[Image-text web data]
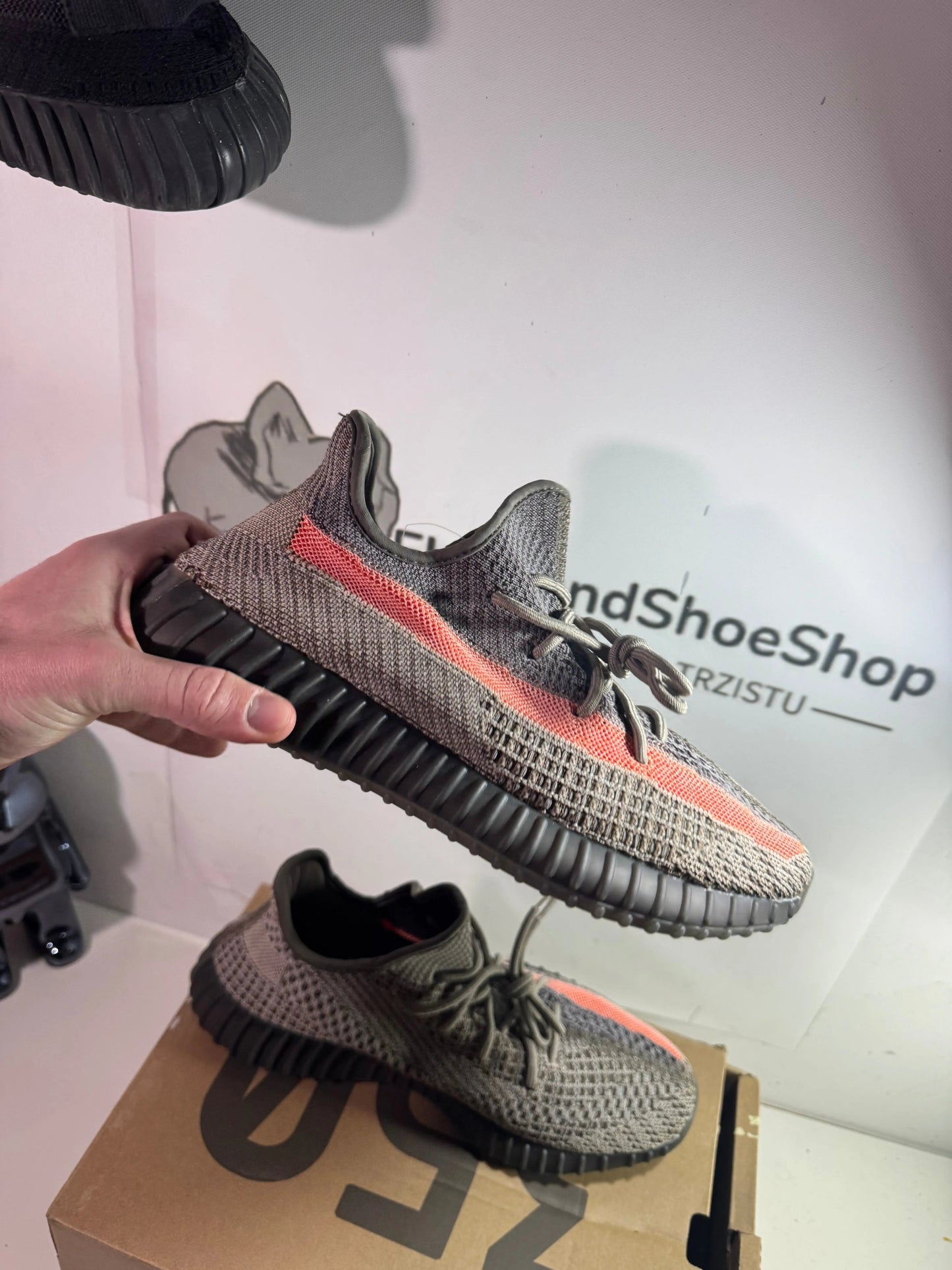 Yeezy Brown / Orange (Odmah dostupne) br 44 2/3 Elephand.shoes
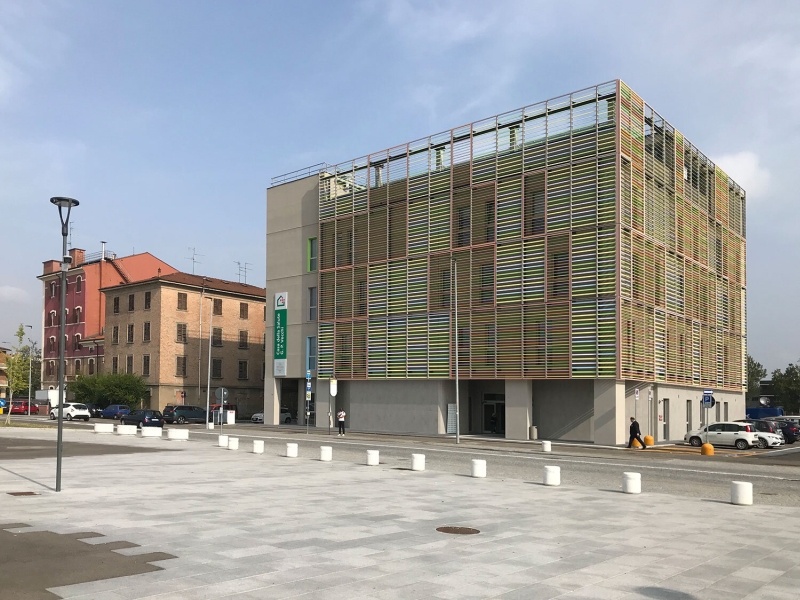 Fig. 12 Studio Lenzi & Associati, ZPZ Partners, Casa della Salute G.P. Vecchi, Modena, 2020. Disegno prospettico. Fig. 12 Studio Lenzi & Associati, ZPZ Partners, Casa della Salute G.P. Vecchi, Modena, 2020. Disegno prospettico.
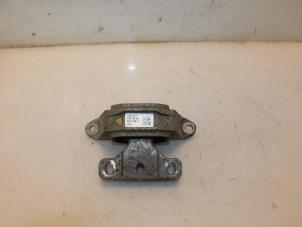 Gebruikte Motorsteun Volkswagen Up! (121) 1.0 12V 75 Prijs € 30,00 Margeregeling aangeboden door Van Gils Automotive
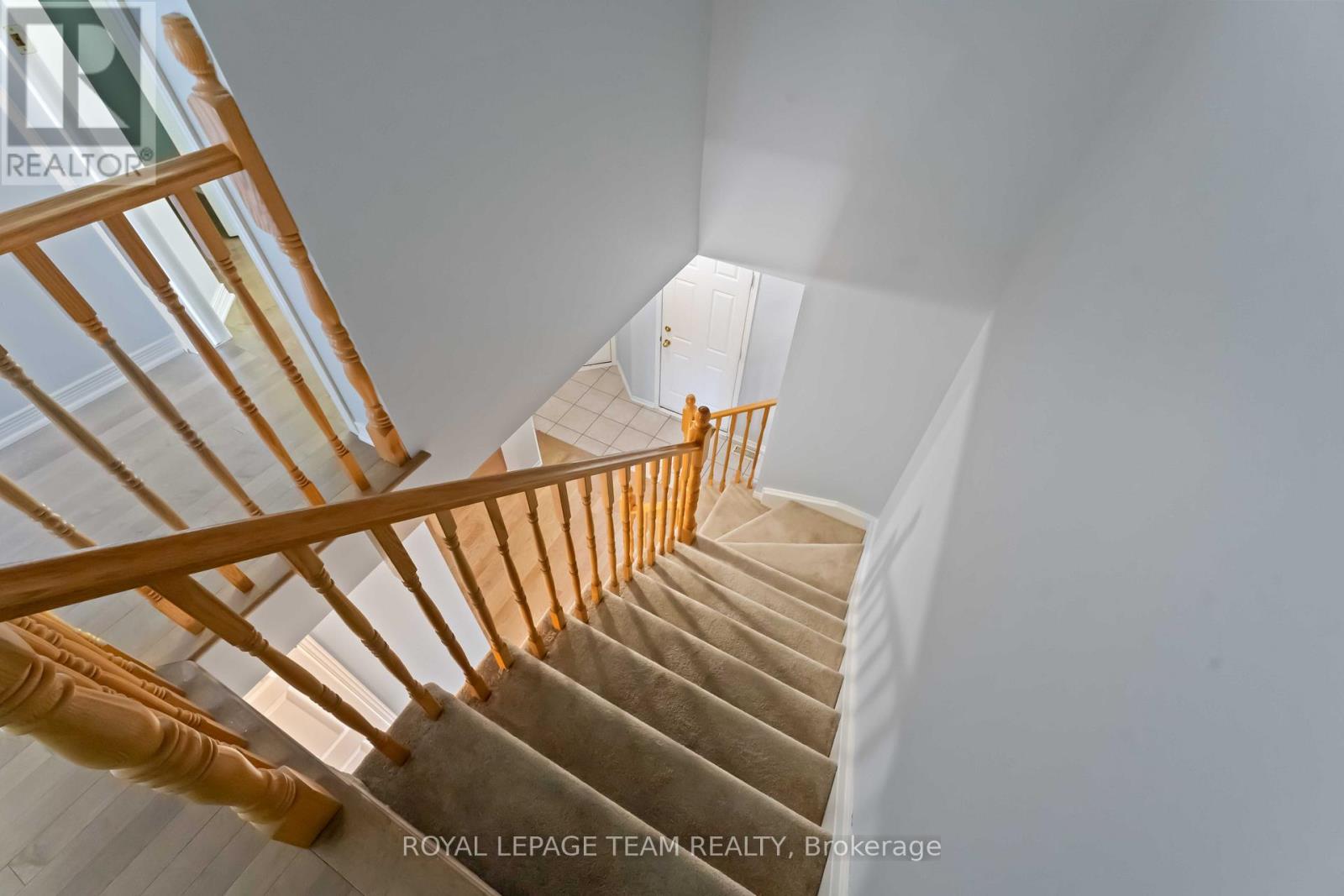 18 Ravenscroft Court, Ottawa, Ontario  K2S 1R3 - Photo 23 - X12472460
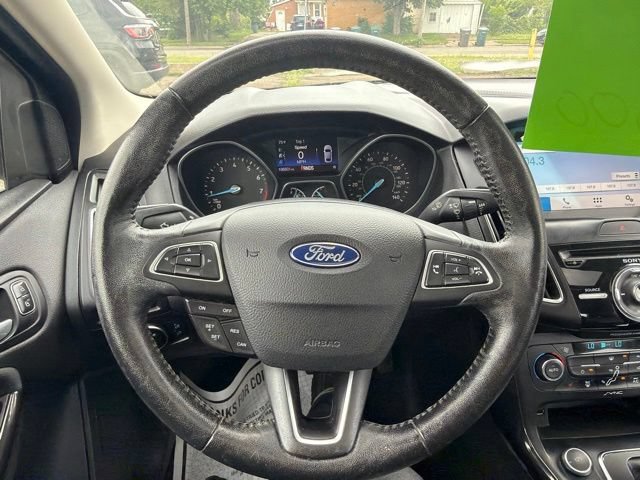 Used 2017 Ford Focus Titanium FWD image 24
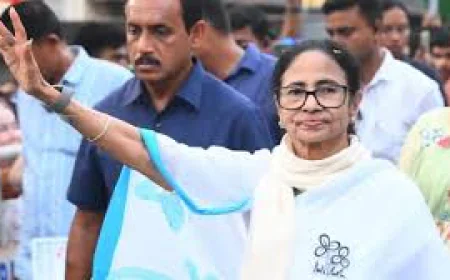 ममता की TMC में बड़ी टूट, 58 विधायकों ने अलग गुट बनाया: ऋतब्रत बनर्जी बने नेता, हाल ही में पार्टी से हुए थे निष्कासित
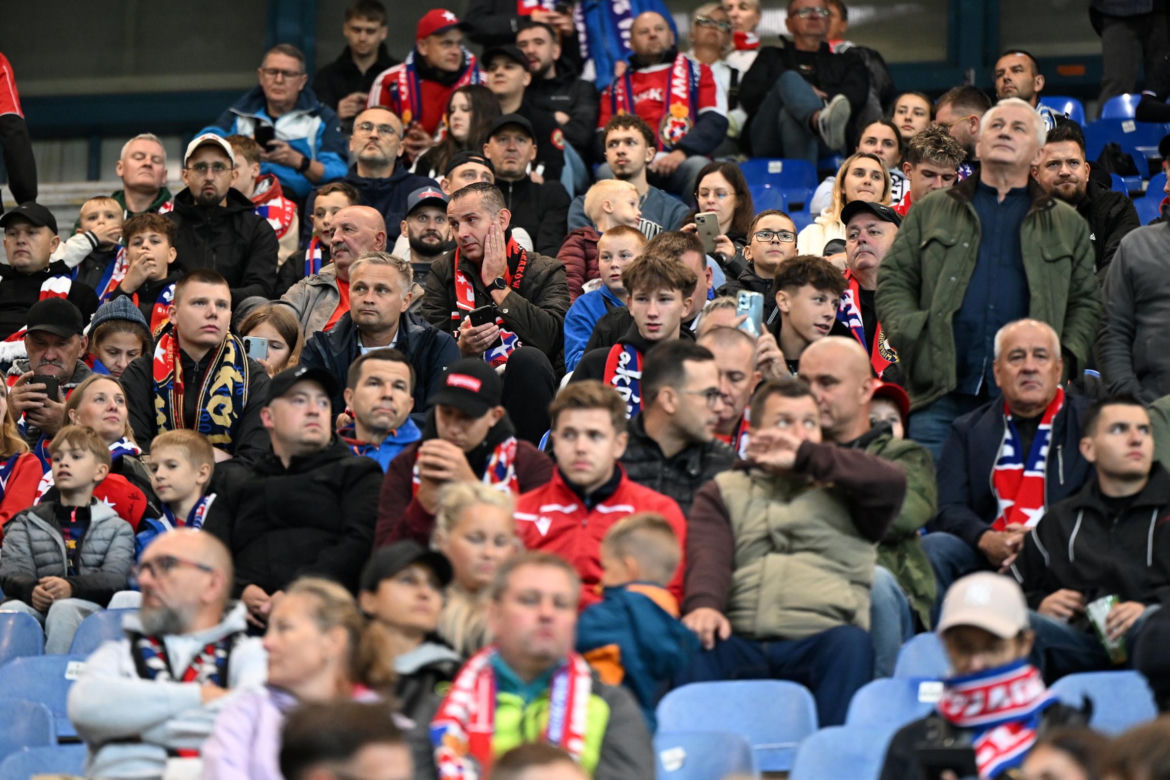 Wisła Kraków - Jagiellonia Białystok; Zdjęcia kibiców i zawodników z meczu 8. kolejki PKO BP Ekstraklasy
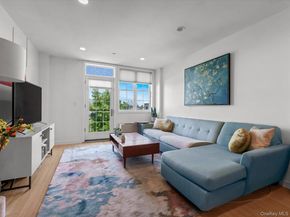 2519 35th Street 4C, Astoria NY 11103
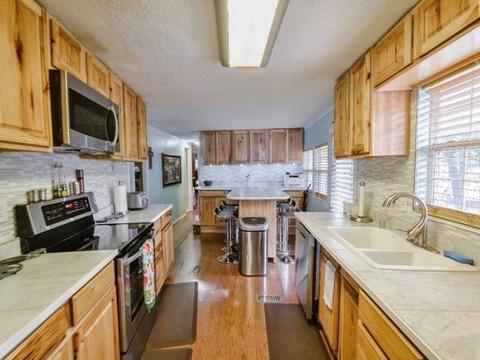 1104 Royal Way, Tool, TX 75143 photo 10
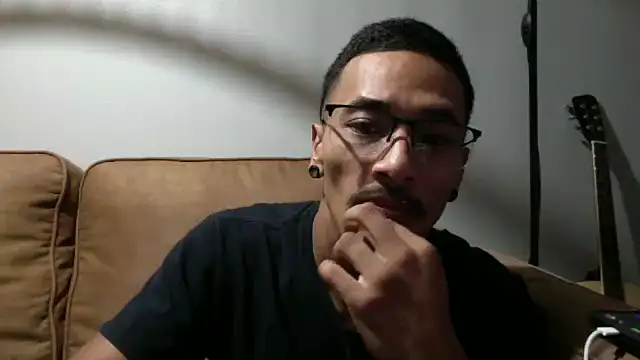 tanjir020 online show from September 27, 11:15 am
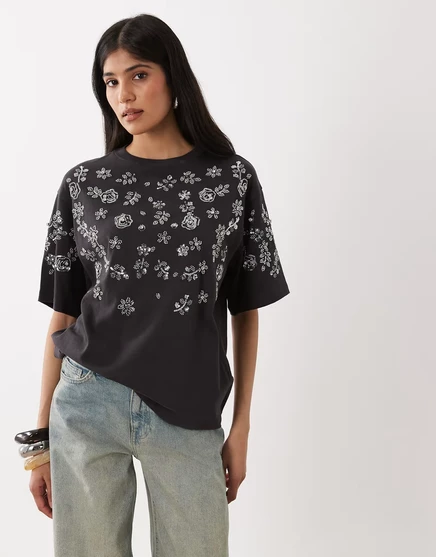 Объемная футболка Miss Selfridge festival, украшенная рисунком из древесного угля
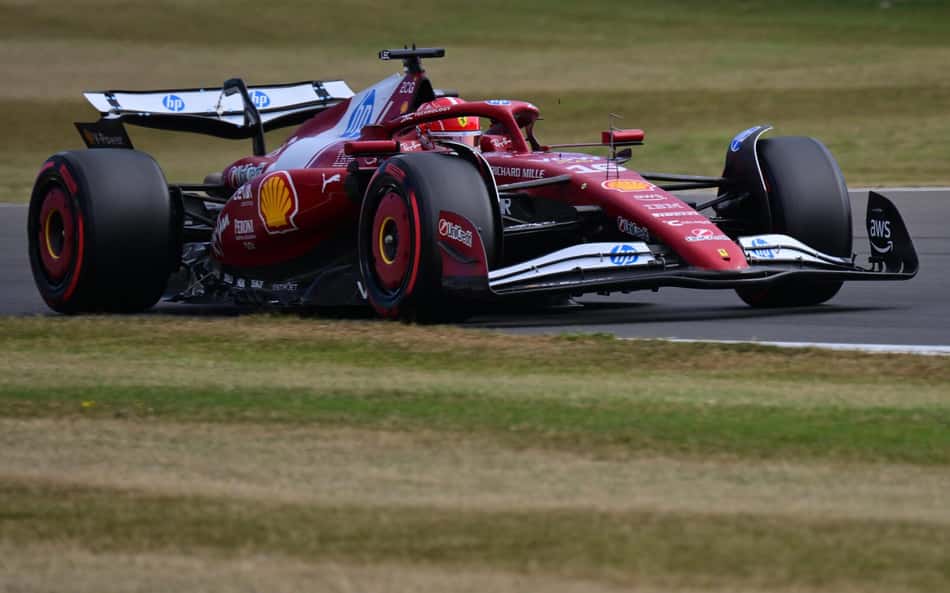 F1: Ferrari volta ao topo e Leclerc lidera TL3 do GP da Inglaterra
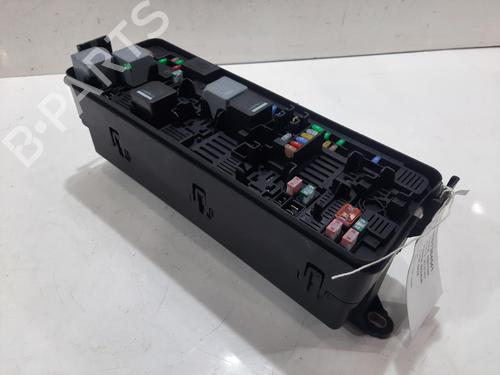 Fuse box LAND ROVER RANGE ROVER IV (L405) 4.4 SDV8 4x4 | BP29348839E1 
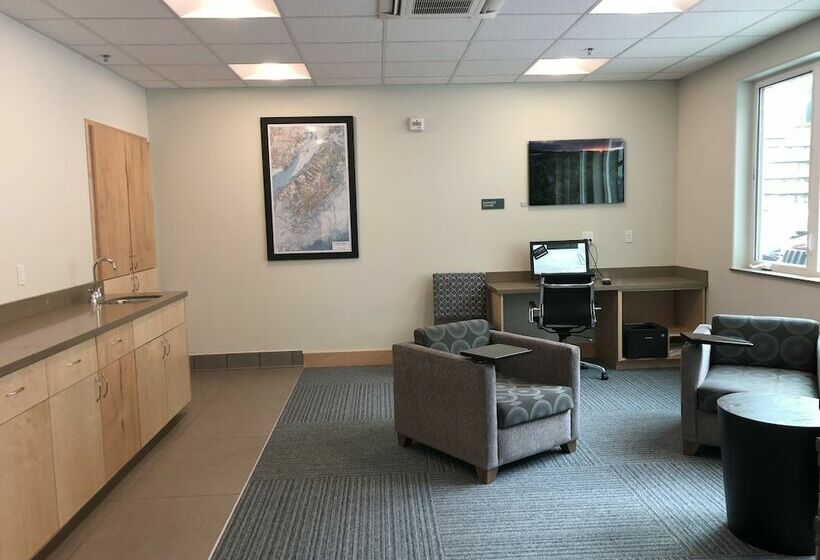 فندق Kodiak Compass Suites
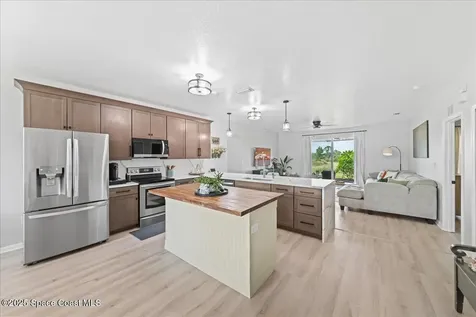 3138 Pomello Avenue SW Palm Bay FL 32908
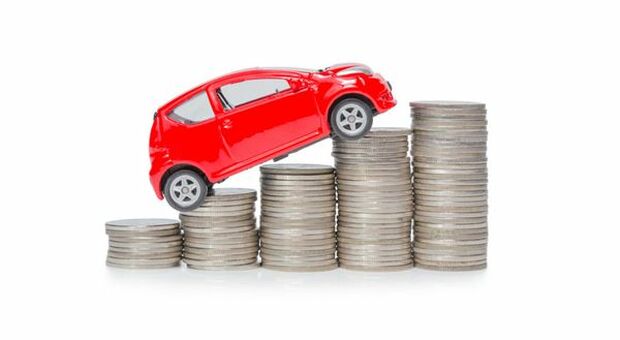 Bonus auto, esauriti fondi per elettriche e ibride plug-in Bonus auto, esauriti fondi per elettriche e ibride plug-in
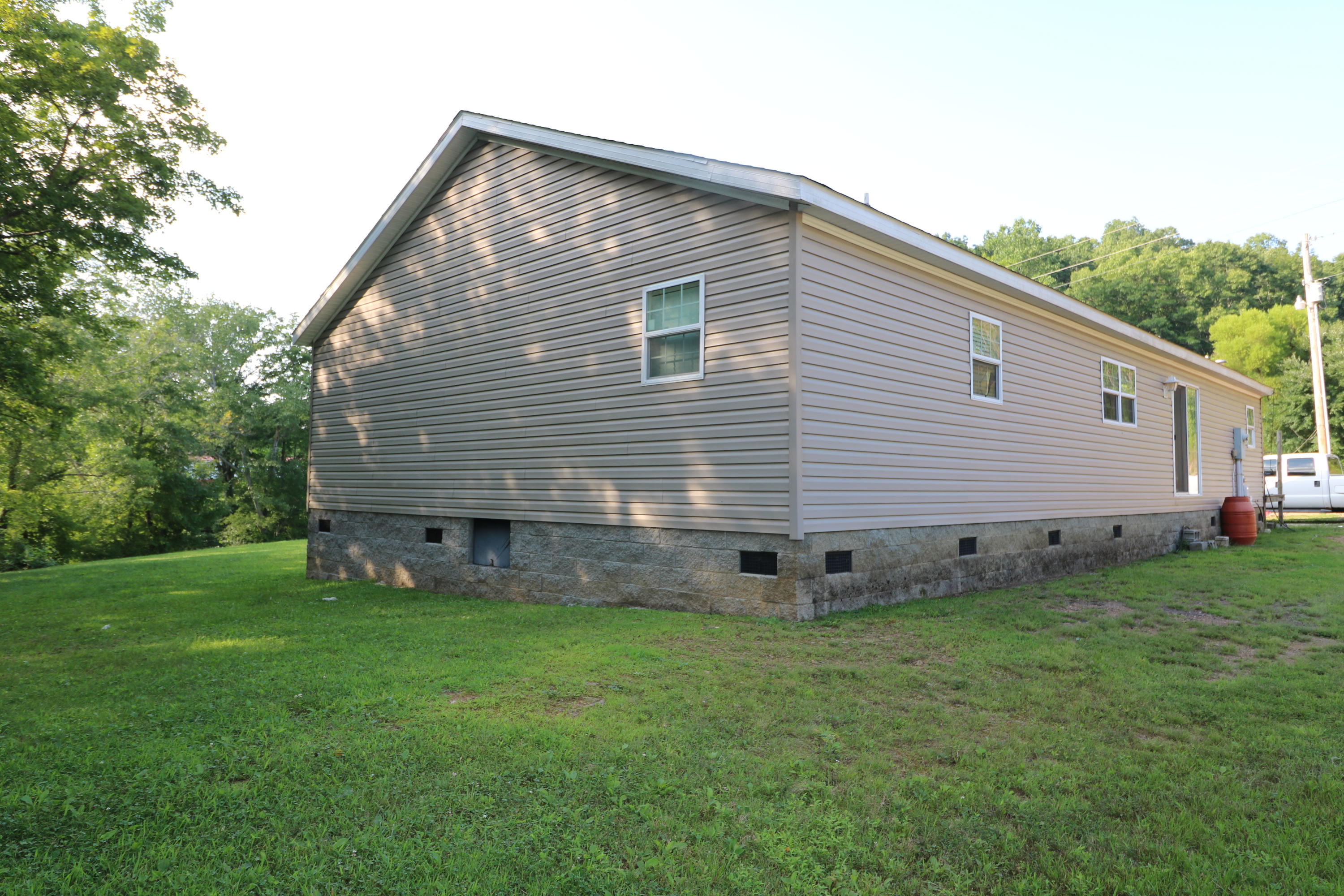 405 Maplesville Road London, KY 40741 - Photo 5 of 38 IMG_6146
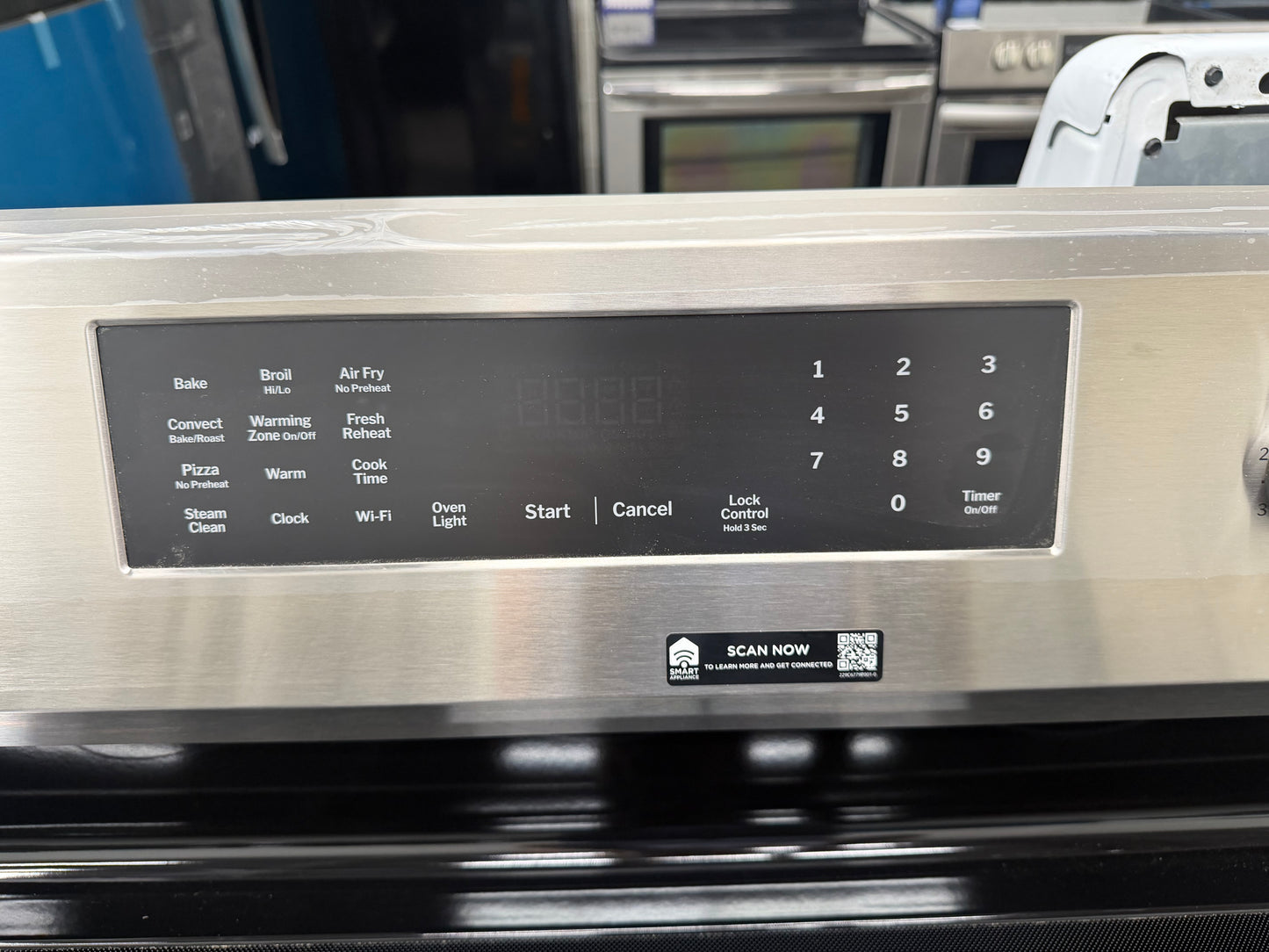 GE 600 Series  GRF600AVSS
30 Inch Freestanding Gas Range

- PROBLEM DETAILS -
Please print every record above exactly, but leave the pictures out.

- ANSWER TO THIS TASK -
 Yeezy Brown / Orange (Odmah dostupne) br 44 2/3 Elephand.shoes
 Fig. 12 Studio Lenzi & Associati, ZPZ Partners, Casa della Salute G.P. Vecchi, Modena, 2020. Disegno prospettico. Fig. 12 Studio Lenzi & Associati, ZPZ Partners, Casa della Salute G.P. Vecchi, Modena, 2020. Disegno prospettico.
 Gebruikte Motorsteun Volkswagen Up! (121) 1.0 12V 75 Prijs € 30,00 Margeregeling aangeboden door Van Gils Automotive
 18 Ravenscroft Court, Ottawa, Ontario  K2S 1R3 - Photo 23 - X12472460
 Used 2017 Ford Focus Titanium FWD image 24
 ममता की TMC में बड़ी टूट, 58 विधायकों ने अलग गुट बनाया: ऋतब्रत बनर्जी बने नेता, हाल ही में पार्टी से हुए थे निष्कासित
 Wisła Kraków - Jagiellonia Białystok; Zdjęcia kibiców i zawodników z meczu 8. kolejki PKO BP Ekstraklasy
 2519 35th Street 4C, Astoria NY 11103
 1104 Royal Way, Tool, TX 75143 photo 10
 tanjir020 online show from September 27, 11:15 am
 Объемная футболка Miss Selfridge festival, украшенная рисунком из древесного угля
 F1: Ferrari volta ao topo e Leclerc lidera TL3 do GP da Inglaterra
 Fuse box LAND ROVER RANGE ROVER IV (L405) 4.4 SDV8 4x4 | BP29348839E1 
 فندق Kodiak Compass Suites
 3138 Pomello Avenue SW Palm Bay FL 32908
 Bonus auto, esauriti fondi per elettriche e ibride plug-in Bonus auto, esauriti fondi per elettriche e ibride plug-in
 405 Maplesville Road London, KY 40741 - Photo 5 of 38 IMG_6146
 GE 600 Series  GRF600AVSS
30 Inch Freestanding Gas Range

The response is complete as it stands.